PROBLEM STATEMENT >>
What is needed is an exact copy of the listing, with no pictures in it.

COLLECTED MATERIAL >>
#####

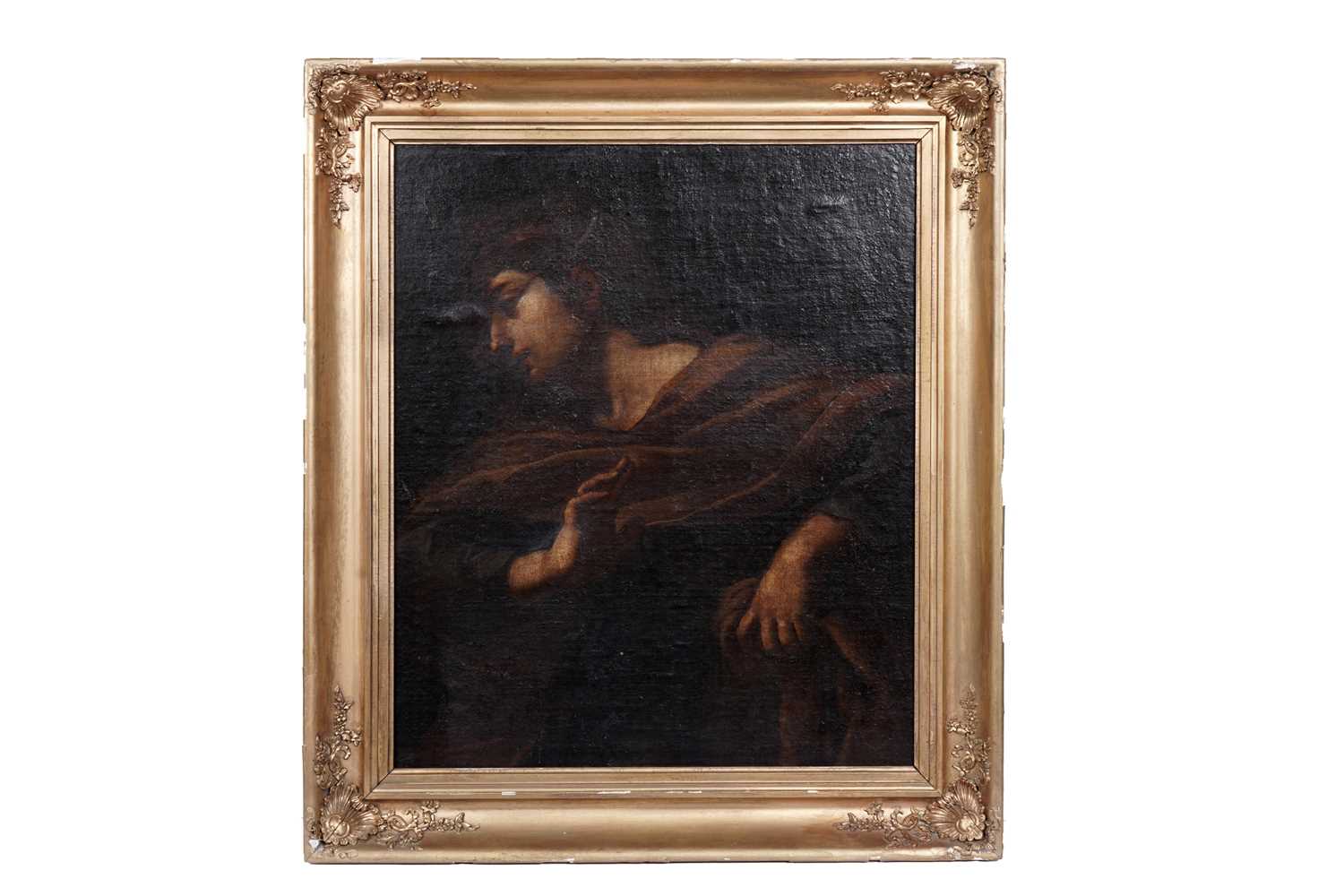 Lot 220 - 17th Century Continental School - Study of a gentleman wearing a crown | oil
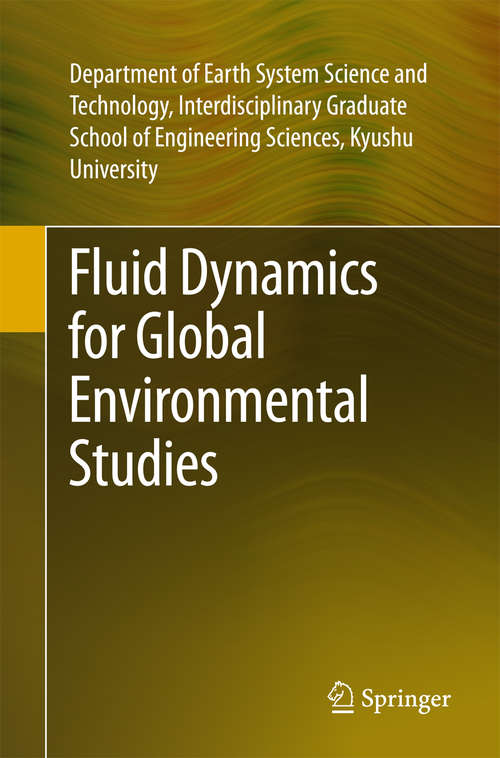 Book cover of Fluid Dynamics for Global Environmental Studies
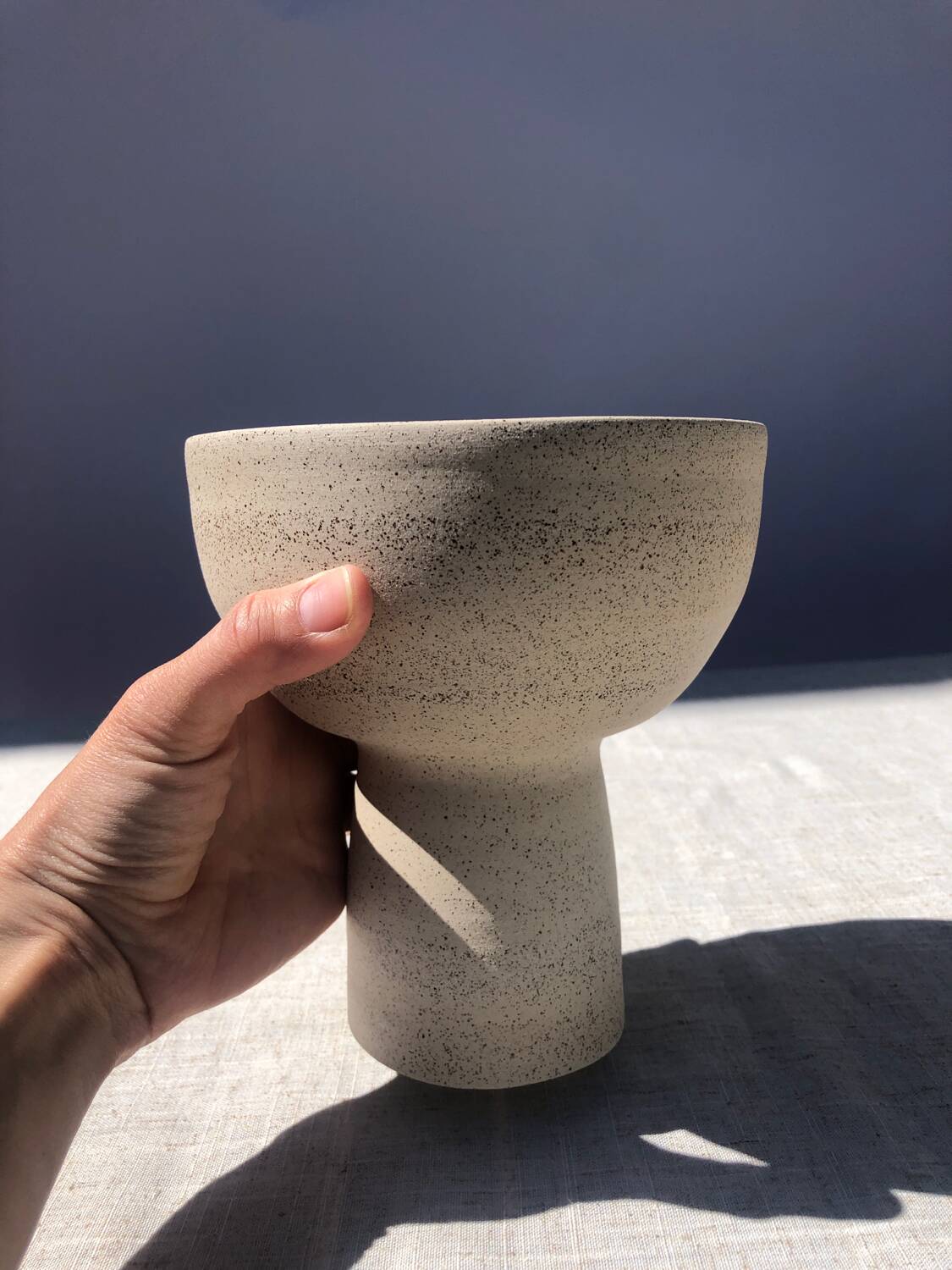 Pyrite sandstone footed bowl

#####

RESPONSE TO THIS EXERCISE >>
 Lot 220 - 17th Century Continental School - Study of a gentleman wearing a crown | oil
 Book cover of Fluid Dynamics for Global Environmental Studies
 Pyrite sandstone footed bowl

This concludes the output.